> [Records contained in a dataset]
####################

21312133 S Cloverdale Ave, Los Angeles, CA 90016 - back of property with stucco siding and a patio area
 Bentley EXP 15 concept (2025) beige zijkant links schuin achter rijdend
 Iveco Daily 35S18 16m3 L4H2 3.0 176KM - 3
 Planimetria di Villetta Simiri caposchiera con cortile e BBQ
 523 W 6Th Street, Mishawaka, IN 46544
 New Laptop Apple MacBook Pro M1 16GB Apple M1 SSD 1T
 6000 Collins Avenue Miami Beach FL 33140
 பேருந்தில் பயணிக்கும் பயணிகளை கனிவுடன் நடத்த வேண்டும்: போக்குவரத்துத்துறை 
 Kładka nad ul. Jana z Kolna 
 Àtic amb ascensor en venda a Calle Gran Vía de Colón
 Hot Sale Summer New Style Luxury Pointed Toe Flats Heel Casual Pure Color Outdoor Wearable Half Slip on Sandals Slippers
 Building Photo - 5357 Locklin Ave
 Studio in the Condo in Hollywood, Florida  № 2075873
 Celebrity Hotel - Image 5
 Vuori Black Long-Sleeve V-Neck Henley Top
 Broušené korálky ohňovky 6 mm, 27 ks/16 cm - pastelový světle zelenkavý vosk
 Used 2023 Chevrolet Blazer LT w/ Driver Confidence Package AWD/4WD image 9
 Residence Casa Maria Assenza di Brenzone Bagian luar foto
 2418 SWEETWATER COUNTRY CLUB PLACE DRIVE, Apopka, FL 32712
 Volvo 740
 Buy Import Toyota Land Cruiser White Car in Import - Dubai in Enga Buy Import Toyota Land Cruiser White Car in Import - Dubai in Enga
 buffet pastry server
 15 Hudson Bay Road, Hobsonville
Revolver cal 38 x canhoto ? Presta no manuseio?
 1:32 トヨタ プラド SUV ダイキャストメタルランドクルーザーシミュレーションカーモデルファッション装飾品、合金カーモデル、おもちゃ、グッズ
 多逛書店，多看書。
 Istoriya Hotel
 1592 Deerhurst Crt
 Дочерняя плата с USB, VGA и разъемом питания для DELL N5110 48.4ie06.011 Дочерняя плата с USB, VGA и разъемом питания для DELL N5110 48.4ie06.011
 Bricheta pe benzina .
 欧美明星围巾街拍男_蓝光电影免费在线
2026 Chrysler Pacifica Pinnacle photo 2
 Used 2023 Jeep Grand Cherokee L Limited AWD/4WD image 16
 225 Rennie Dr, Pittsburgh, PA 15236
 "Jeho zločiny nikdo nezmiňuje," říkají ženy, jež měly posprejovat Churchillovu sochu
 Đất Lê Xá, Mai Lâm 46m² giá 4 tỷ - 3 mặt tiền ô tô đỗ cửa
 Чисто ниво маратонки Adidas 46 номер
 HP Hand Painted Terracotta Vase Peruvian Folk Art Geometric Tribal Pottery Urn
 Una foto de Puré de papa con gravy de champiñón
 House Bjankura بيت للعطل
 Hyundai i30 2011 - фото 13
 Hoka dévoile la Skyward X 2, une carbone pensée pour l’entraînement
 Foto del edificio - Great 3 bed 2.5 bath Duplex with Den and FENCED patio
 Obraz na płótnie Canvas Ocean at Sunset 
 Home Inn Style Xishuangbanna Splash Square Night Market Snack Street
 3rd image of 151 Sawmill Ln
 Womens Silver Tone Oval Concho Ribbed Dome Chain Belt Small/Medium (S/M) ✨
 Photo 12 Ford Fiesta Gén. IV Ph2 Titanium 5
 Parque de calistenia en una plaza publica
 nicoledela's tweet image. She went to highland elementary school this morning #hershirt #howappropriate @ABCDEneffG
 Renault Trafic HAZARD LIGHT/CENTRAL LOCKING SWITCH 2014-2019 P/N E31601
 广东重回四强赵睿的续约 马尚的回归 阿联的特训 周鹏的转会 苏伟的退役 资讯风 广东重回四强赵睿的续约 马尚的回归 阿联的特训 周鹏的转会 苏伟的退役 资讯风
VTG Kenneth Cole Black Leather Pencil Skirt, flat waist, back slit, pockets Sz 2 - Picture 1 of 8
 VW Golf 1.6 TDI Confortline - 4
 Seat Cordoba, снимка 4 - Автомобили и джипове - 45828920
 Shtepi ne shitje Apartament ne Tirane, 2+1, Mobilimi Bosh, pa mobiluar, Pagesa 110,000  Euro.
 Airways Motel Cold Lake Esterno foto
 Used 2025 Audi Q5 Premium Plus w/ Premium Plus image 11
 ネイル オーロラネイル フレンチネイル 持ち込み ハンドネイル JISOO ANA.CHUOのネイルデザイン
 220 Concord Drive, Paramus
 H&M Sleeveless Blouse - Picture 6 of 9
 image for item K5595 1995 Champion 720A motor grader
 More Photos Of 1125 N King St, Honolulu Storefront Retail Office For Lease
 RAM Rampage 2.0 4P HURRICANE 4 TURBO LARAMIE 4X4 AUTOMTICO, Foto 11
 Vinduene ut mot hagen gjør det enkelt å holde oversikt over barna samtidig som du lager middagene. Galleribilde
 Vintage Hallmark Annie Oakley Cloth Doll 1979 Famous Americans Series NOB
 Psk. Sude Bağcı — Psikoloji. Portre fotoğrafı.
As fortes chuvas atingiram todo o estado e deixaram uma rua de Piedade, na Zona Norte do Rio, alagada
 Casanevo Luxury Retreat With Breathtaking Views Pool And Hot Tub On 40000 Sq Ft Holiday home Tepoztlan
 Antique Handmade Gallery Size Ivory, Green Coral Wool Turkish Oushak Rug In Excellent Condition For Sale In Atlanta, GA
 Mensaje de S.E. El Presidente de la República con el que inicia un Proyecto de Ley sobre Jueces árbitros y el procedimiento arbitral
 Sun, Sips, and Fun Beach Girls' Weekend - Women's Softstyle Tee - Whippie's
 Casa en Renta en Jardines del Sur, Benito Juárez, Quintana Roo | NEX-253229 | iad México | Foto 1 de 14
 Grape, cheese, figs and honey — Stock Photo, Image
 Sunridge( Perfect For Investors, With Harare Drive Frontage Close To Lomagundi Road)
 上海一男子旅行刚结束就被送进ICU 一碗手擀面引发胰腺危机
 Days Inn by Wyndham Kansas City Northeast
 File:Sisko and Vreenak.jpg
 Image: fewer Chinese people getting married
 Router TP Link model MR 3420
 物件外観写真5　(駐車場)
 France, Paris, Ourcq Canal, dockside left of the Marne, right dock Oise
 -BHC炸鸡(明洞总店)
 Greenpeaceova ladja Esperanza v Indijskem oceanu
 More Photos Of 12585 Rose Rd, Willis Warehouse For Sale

####################

> [Task] What needs duplicating is the run of lines from the one containing "Grape, cheese, figs" through the last line of the entries above, exact and complete.

> [Exercise output]
 Grape, cheese, figs and honey — Stock Photo, Image
 Sunridge( Perfect For Investors, With Harare Drive Frontage Close To Lomagundi Road)
 上海一男子旅行刚结束就被送进ICU 一碗手擀面引发胰腺危机
 Days Inn by Wyndham Kansas City Northeast
 File:Sisko and Vreenak.jpg
 Image: fewer Chinese people getting married
 Router TP Link model MR 3420
 物件外観写真5　(駐車場)
 France, Paris, Ourcq Canal, dockside left of the Marne, right dock Oise
 -BHC炸鸡(明洞总店)
 Greenpeaceova ladja Esperanza v Indijskem oceanu
 More Photos Of 12585 Rose Rd, Willis Warehouse For Sale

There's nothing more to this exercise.